■ **Task item**: A word-for-word copy of the listing, free of images, is the expected answer.

■ **Data**:
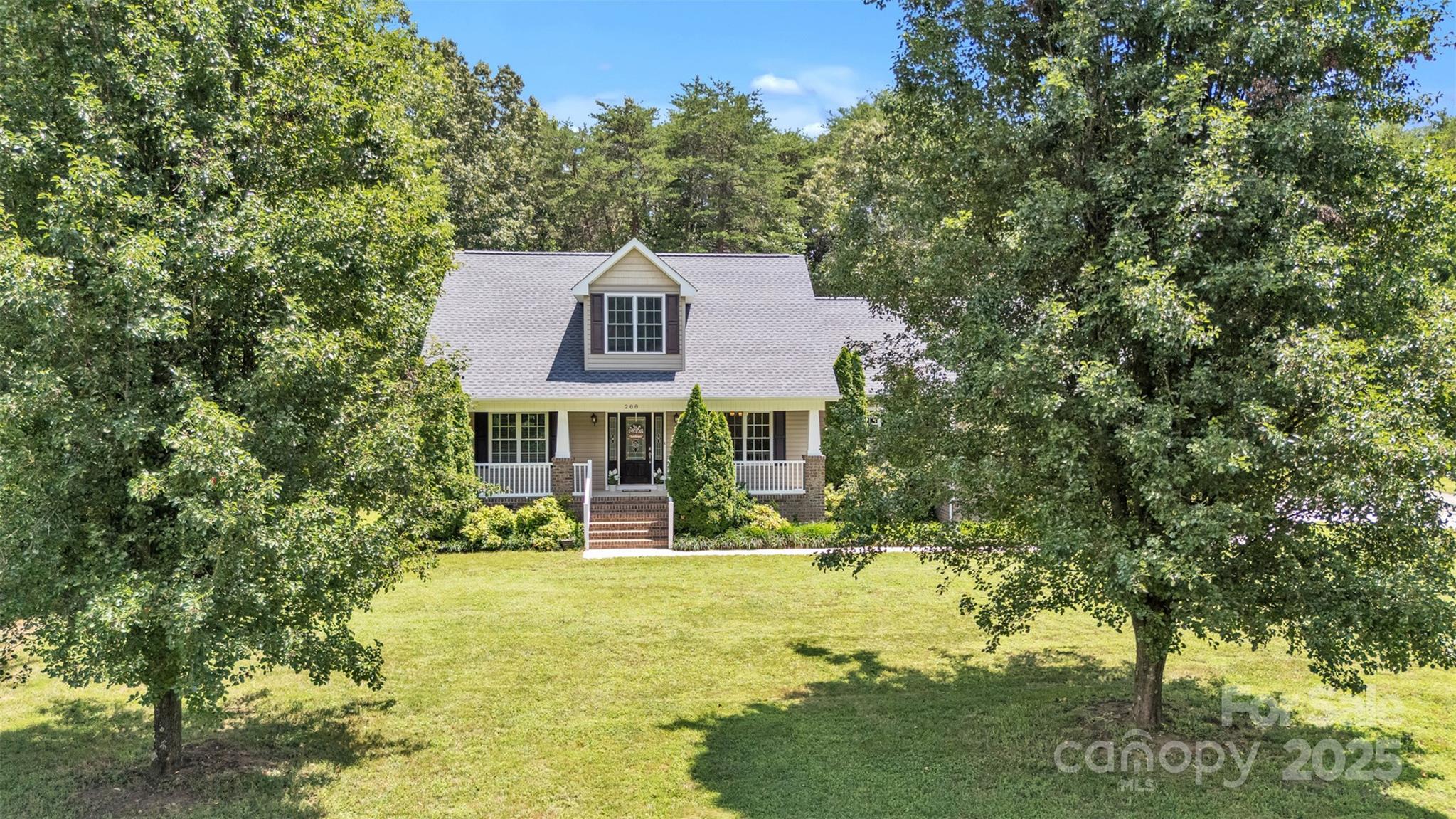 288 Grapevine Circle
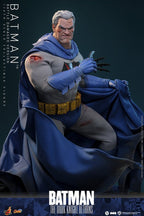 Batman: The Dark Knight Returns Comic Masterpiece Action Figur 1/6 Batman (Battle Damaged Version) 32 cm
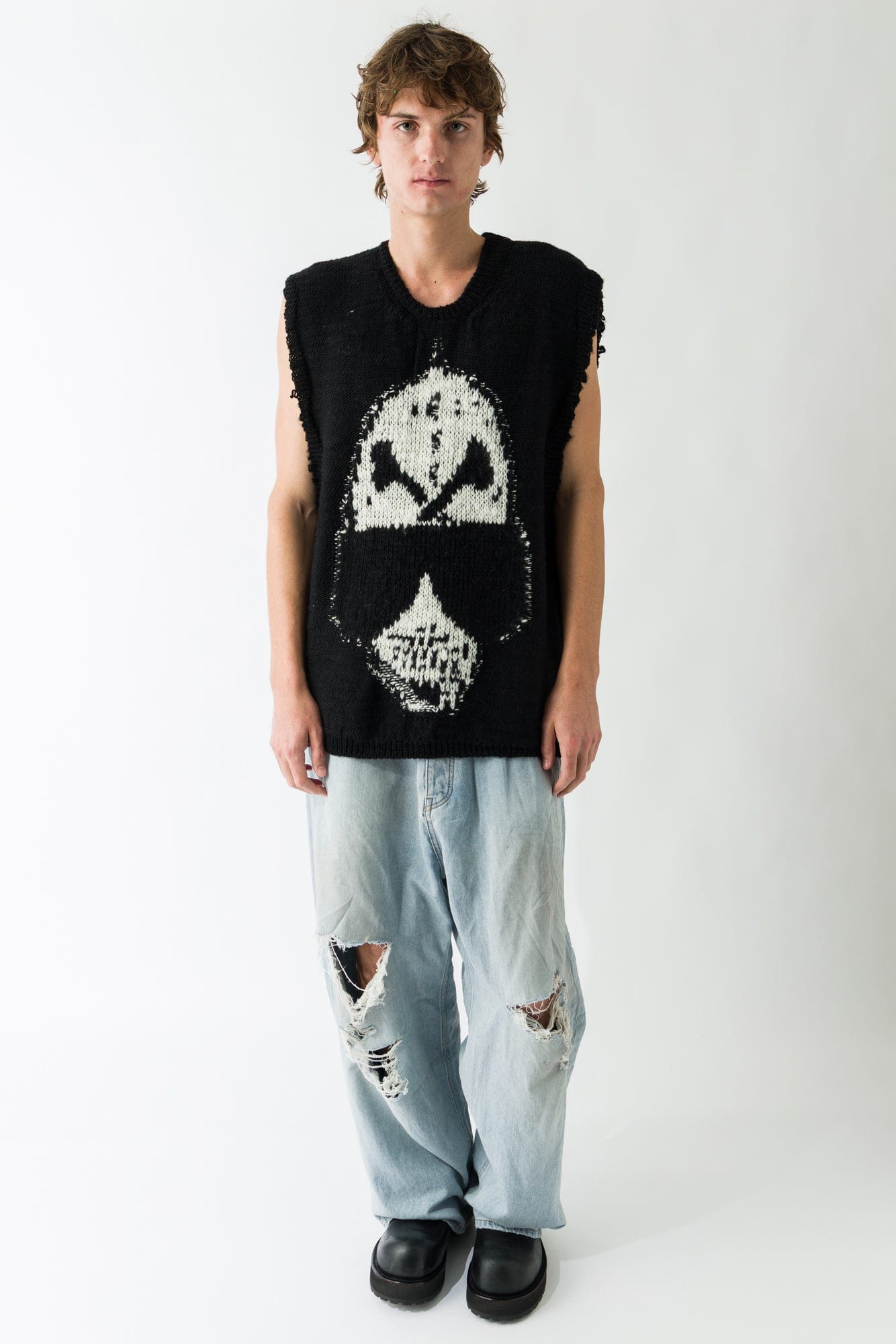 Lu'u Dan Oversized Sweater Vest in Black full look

■ **The completed task**:
 288 Grapevine Circle
 Batman: The Dark Knight Returns Comic Masterpiece Action Figur 1/6 Batman (Battle Damaged Version) 32 cm
 Lu'u Dan Oversized Sweater Vest in Black full look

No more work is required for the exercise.